ECOSOC President Ali Hachani stressed the importance of innovative mechanisms, citing the World Solidarity Fund established by the UN, the International Drug Purchase Facility (UNITAID) and the solidarity levy on airline tickets as examples of positive recent initiatives.
“The [microcredit] model launched 30 years ago by this year’s Nobel Peace Prize winner, Dr. Muhammad Yunus and the Grameen Bank, illustrates that such initiatives can grow and extend and are recognized as contributing to peace and stability,” he said.
Under-Secretary-General for Economic and Social Affairs José Antonio Ocampo said cooperatives, mutual societies, voluntary groups and other “social enterprises” offered a solidarity-based model for achieving development and social integration.
“Many of these organizations produce goods and services for the market economy, but they redirect their surplus to reach community objectives… And all empower community members and encourage social change through responsible citizenship that exercises control over production, consumption, savings, investment, and exchange,” he saiῤ.
Anwarul K. Chowdhury, Under-Secretary-General and High Representative for the Least Developed Countries, Landlocked Developing Countries and Small Island Developing States, said the concept of solidarity in eradicating poverty is becoming more and more important thanks to globalization.
He said debt cancellation, enhanced development aid and greater South-South cooperation offered ways to enable the world’s poorest nations to devote as much of their resources as possible to tackling entrenched poverty.
Under-Secretary-General and Associate Administrator of the UN Development Programme (UNDP), Ad Melkert, said that even though economic growth over the past five years has been as rapid as it has ever been, the inequality gap was rising as the world’s poorest countries fell further and further behind.

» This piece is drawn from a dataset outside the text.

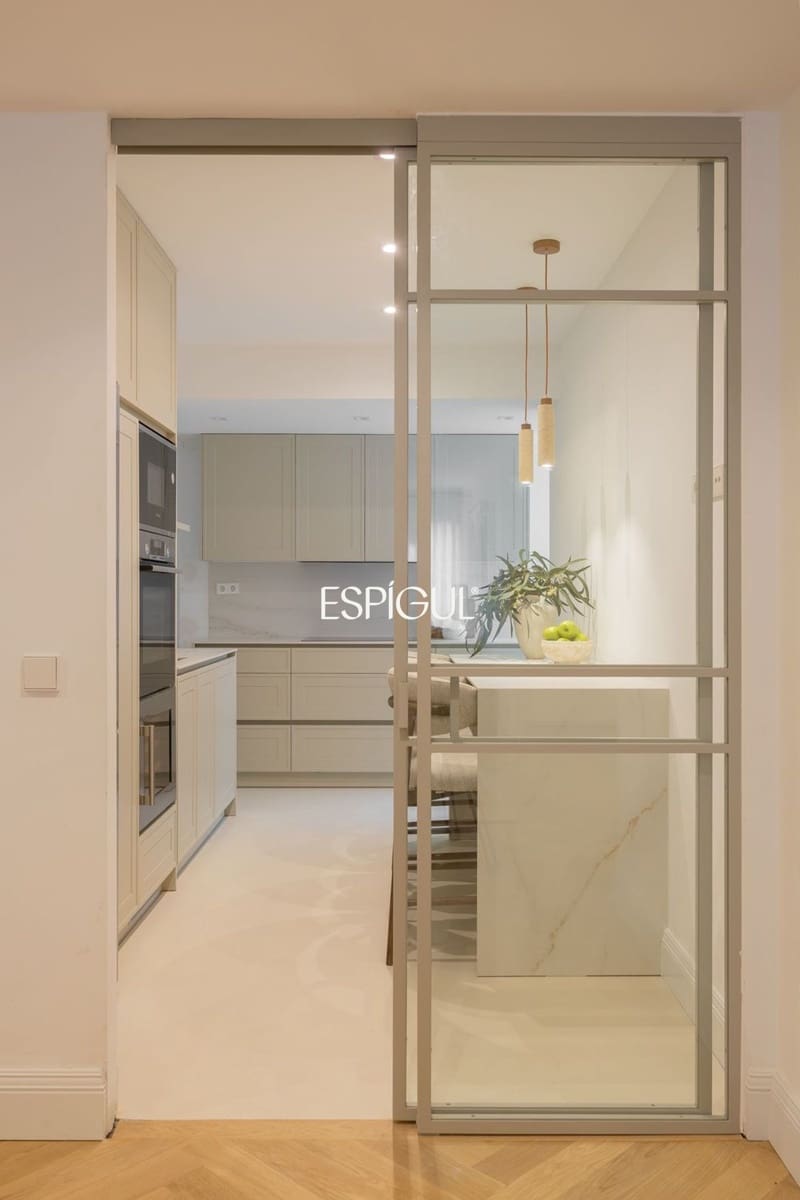 3 bedroom Flat for sale in Madrid city with garage - € 3,200,000 (Ref: 10016270)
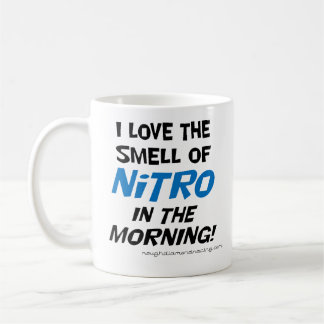 Café Eu amo o cheiro de nitro na caneca da manhã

Strong and inclusive multilateralism was therefore the best model for advancing human development, Mr. Melkert said, adding that given this “the UN has an opportunity to assume more prominence than before in the quest” for tackling poverty and inequality.
Proclaimed last year by the General Assembly as an initiative in the fight against poverty, International Human Solidarity Day is formally observed on 20 December.